Marie Pelisson épouse Fleurisson passe de la férule de son père à celle de son mari et de ses beaux parents. Si Pierre le père se fout bien de sa belle fille, il n’est pas de même de la belle mère qui devient une vraie tyran. Elle a besoin d’une bonniche et elle la trouve. La petite en devient malheureuse, mais il faut qu’elle fasse son nid dans celui déjà fait de son aînée. Toutes les femmes passent part là et elle espère que la vieille crèvera rapidement. C’est sans compter sur la vigueur de Marie qui n’a que quarante six ans. Heureusement que le soir elle retrouve les bras vigoureux de Pierre le jeune, même si au fond d’elle même , elle lui en veut de ne pas la défendre face au despotisme de l’ancienne. Mais le statut fort envié de meunière lui fait finalement avaler toutes les couleuvres. Puis peut être que lorsqu’elle enfantera, son statut de servante changera et qu’elle deviendra un peu patronne.
La rivalité entre les deux fariniers ne faiblit pas, chaque charrette de grains qui arrive sous les ailes du moulin neuf, brise le cœur de Fleurisson, Moisnet de son coté maudit tout ce qui va à la Roulière. C’est idiot car le travail ne manque pour aucun des deux, pas plus d’ailleurs qu’il ne manque au moulin des Jard n’y d’ailleurs à aucun des autres moulins qui tournent à la Roulière .
Les deux font une trêve de rivalité quand Moisnet propose que Nicolas le troisième fils de Pierre ne devienne le parrain de sa fille Marie. C’est un joli pas et les deux hommes se serrent la main de belle façon. L’idéal serait qu’un jour les deux familles s’unissent afin que toutes les ailes de Benon tournent pour le même bas de laine. Nous n’en sommes pas là car aucun des bâtiments n’appartient en propre aux deux familles.
La petite Marie malgré la ponctualité amoureuse de son homme n’a aucun espoir. Tous les jours à la cuisine les mêmes réflexions tombent. Fais- tu ce qu’il faut ma fille, tu as le ventre sec comme une planche de cercueil, tu lui as noué l’aiguillette.
Un jour sa belle mère l’entraîne à la fontaine miraculeuse de l’abbaye. Décidément ce lieu comme un soleil qui tous les matins se lève, intervient dans la vie des membres de la Roulière. C’est une humiliation et aucun résultat n’arrive . Marie la jeune se désole de n’être point mère, Marie la vieille se désole ne point être grand mère. Les deux femmes qui vivent dans une intimité permanente se détestent totalement.

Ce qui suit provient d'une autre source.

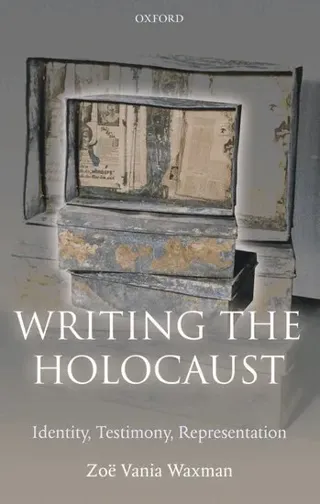 Writing the Holocaust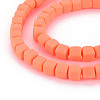 Handmade Polymer Clay Beads Strands X-CLAY-T020-09G-3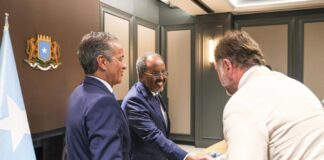 Somali President Hosts Italian Investors to Promote Trade and Investment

D’autant qu’il y a aussi Marie la fille aînée, non mariée, Elisabeth un peu infirme et Jeanne un peu plus jeune mais cruelle et qui se fait fort de mettre de l’huile sur le feu en permanence.
Chaque matin au lever elle fait la même remarque à sa belle sœur, »alors cette fois ci c’est la bonne. »

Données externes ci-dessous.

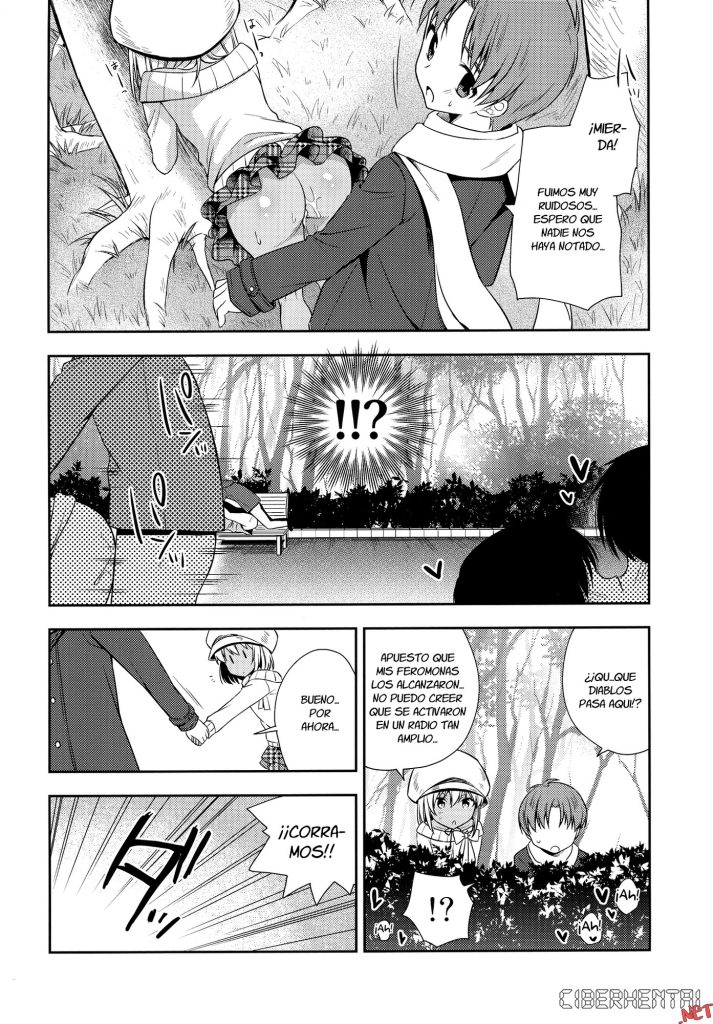 [R kaffy (Aichi Shiho)] Shounen Succubus -Date Hen- [Spanish]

Vivement que la vieille crève, que la plus jeune se marie et que l’infirme soit remisée dans la soue .
Mais ce n’est pas l’une des femmes qui disparait en premier c’est le maître.
Pierre un soir ne se sent pas très bien, le lendemain il ne se lève pas. L’inquiétude ne prévaut pas, le bougre est solide et l’on fait ce que l’on fait tous les jours, les grains arrivent, la farine repart.

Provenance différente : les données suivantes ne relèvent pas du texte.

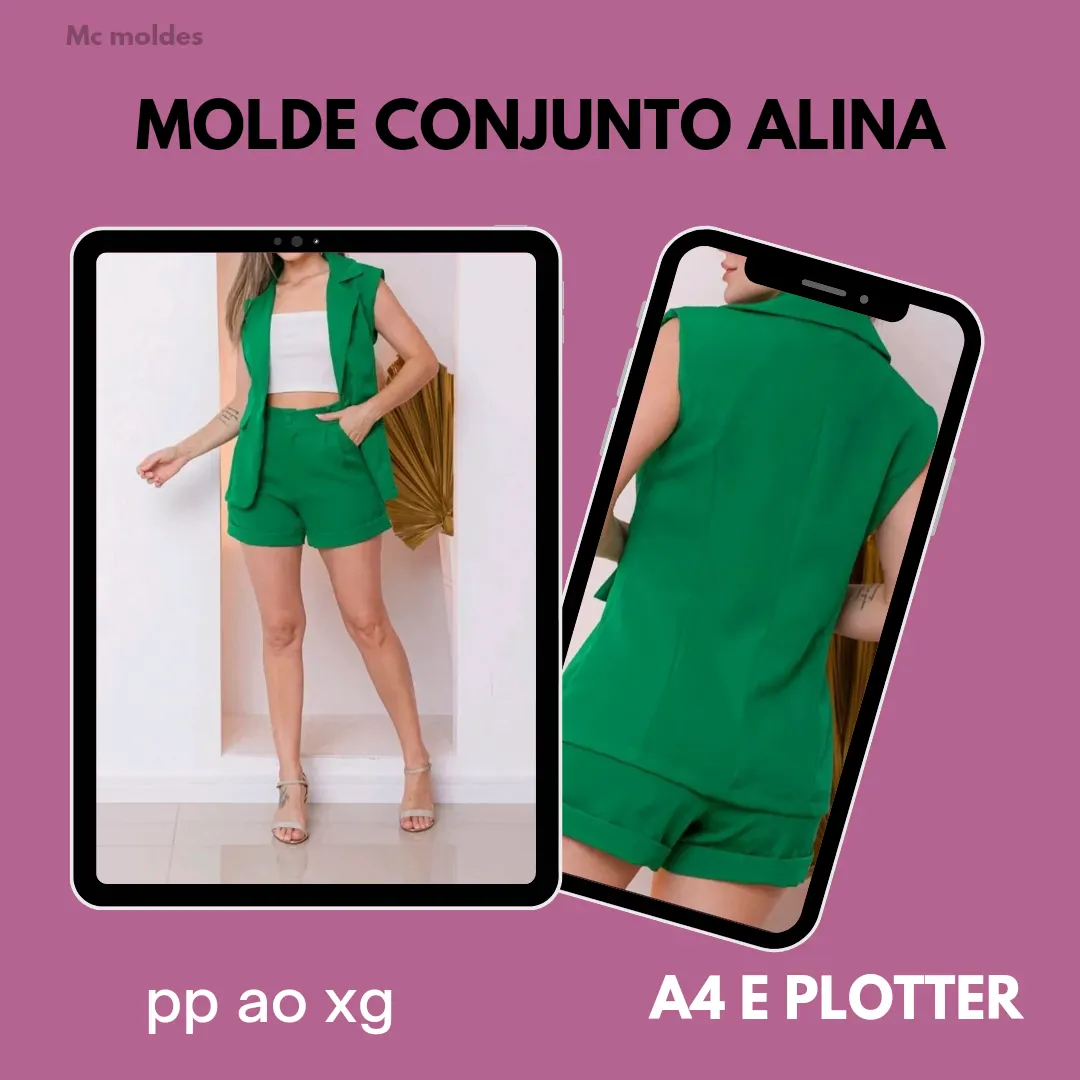 Molde Conjunto Alina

Les clients un peu inquiets d’avoir à faire aux fils demandent des nouvelles, la réponse est qu’il va bien. Le lendemain 16 décembre 1738, le farinier de la Roulière, l’émigré des marais s’éteint au milieu des siens.
Les fils vont-ils faire perdurer le fructueux fermage, à n’en point douter, la veuve Marie Brillouet y veillera.
Mais Marie au ventre plat un matin sans prendre de précaution oratoire lui dit tout de go qu’elle n’est plus la patronne mais simplement la mère du chef.
Désormais elle donnera des ordres, la vieille sera reléguée au rang d’ancienne et plus en temps que femme.